Best results in major championships
- Masters Tournament: DNP
- PGA Championship: DNP
- U.S. Open: DNP
- The Open Championship: CUT: 1993, 2000

= José Manuel Carriles =

Spanish professional golfer

José Manuel Carriles Corino (born 12 May 1963) is a Spanish professional golfer.

==Early life==
Carriles was born in Pedreña in northern Spain, the birthplace of the late Seve Ballesteros. Like Ballesteros, he learned the game on the beach, where he and some friends shared a half set of clubs.

Golf was always in the blood, his father caddied at the local course and his mother also worked there. He was forbidden to play at the club except once a year in the caddies' competition, so as a youngster he used to climb the fence at the furthest point of the course for some secret practice.

==Career==
Carriles turned professional in 1983, and earned his European Tour card for the first time at the 1991 Qualifying School.

His best finish on the European Tour came in 1992, at the German Open where he finished runner-up, 11 strokes behind Vijay Singh. He finished the season 57th in the rankings.

Over the next 15 years he divided his time between the European Tour and the Challenge Tour, winning twice on the latter, the 1993 Estoril Challenge and the 2003 Challenge Tour Grand Final.
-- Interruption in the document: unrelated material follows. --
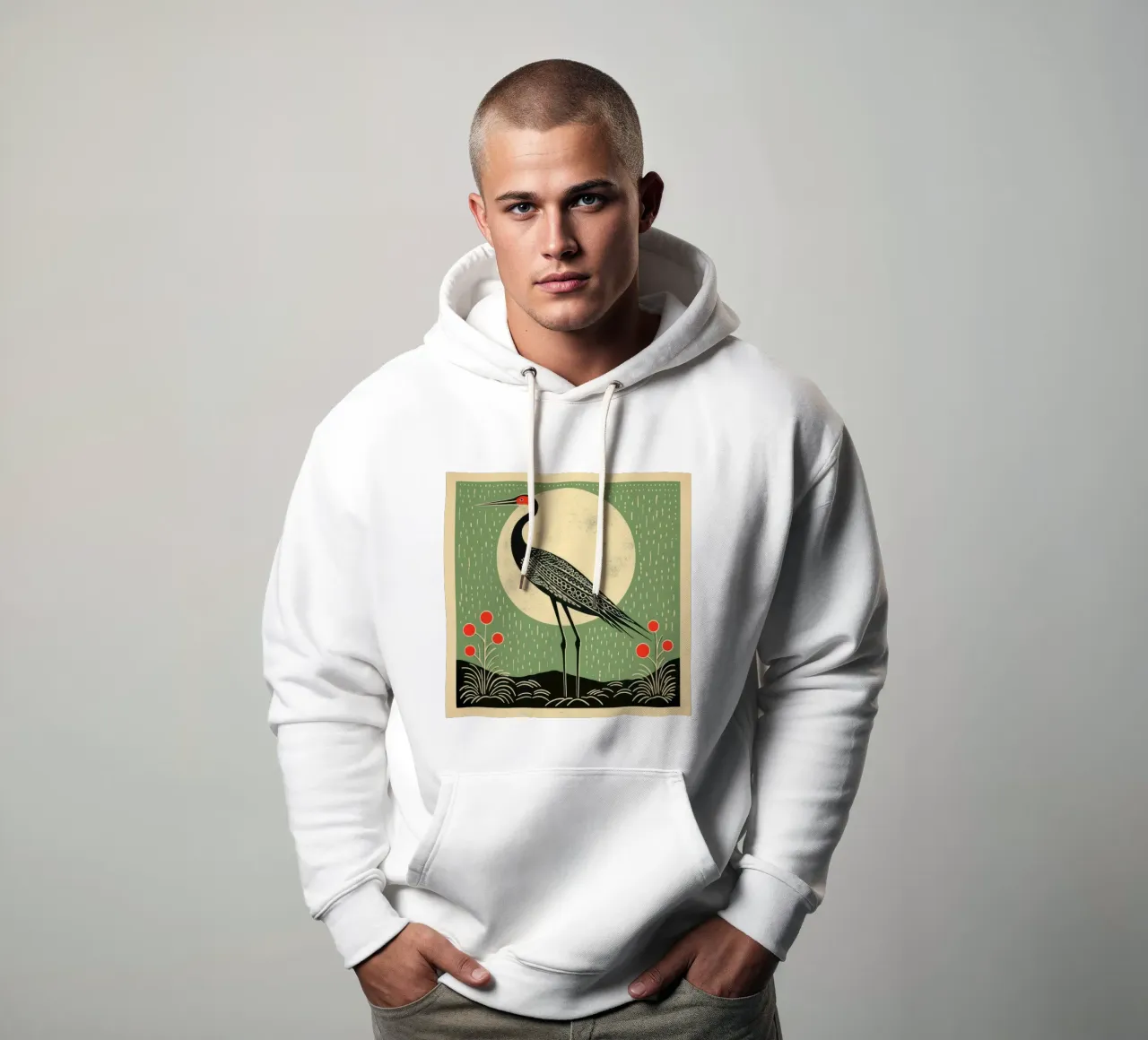 Gru verde 4 felpa con cappuccio da Minimal Animal Art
He was also runner-up at the 2003 Izki Challenge de España, the 2006 Lexus Open and the Norwegian Challenge in 2006.

After finishing in third place at the 2013 Qualifying School Final, he joined the European Senior Tour. In 2015 he recorded three top-10 finishes, and clinched his first win in 2019 at the European Tour Destinations Senior Classic at PGA Catalunya Resort, Spain.

==Professional wins (3)==
===Challenge Tour wins (2)===

| Legend |
|---|
| Tour Championships (1) |
| Other Challenge Tour (1) |

| No. | Date | Tournament | Winning score | Margin of victory | Runner-up |
|---|---|---|---|---|---|
| 1 | 19 Oct 1997 | Estoril Challenge | −12 (64-70-70-72=276) | 1 stroke | SWE Kalle Brink |
| 2 | 26 Oct 2003 | Challenge Tour Grand Final | −11 (68-69-66-70=273) | Playoff | SWE Johan Edfors |

Challenge Tour playoff record (1–1)

| No. | Year | Tournament | Opponent | Result |
|---|---|---|---|---|
| 1 | 1997 | Open des Volcans | WAL Mark Litton |  |
| 2 | 2003 | Challenge Tour Grand Final | SWE Johan Edfors | Won with birdie on first extra hole |

===European Senior Tour wins (1)===

| No. | Date | Tournament | Winning score | Margin of victory | Runner-up |
|---|---|---|---|---|---|
| 1 | 14 Jul 2019 | European Tour Destinations Senior Classic | −13 (70-66-67=203) | 3 strokes | ZAF Chris Williams |

==Results in major championships==

| Tournament | 1993 | 1994 | 1995 | 1996 | 1997 | 1998 | 1999 | 2000 |
|---|---|---|---|---|---|---|---|---|
| The Open Championship | CUT |  |  |  |  |  |  | CUT |

CUT = missed the halfway cut

Note: Carriles only played in The Open Championship.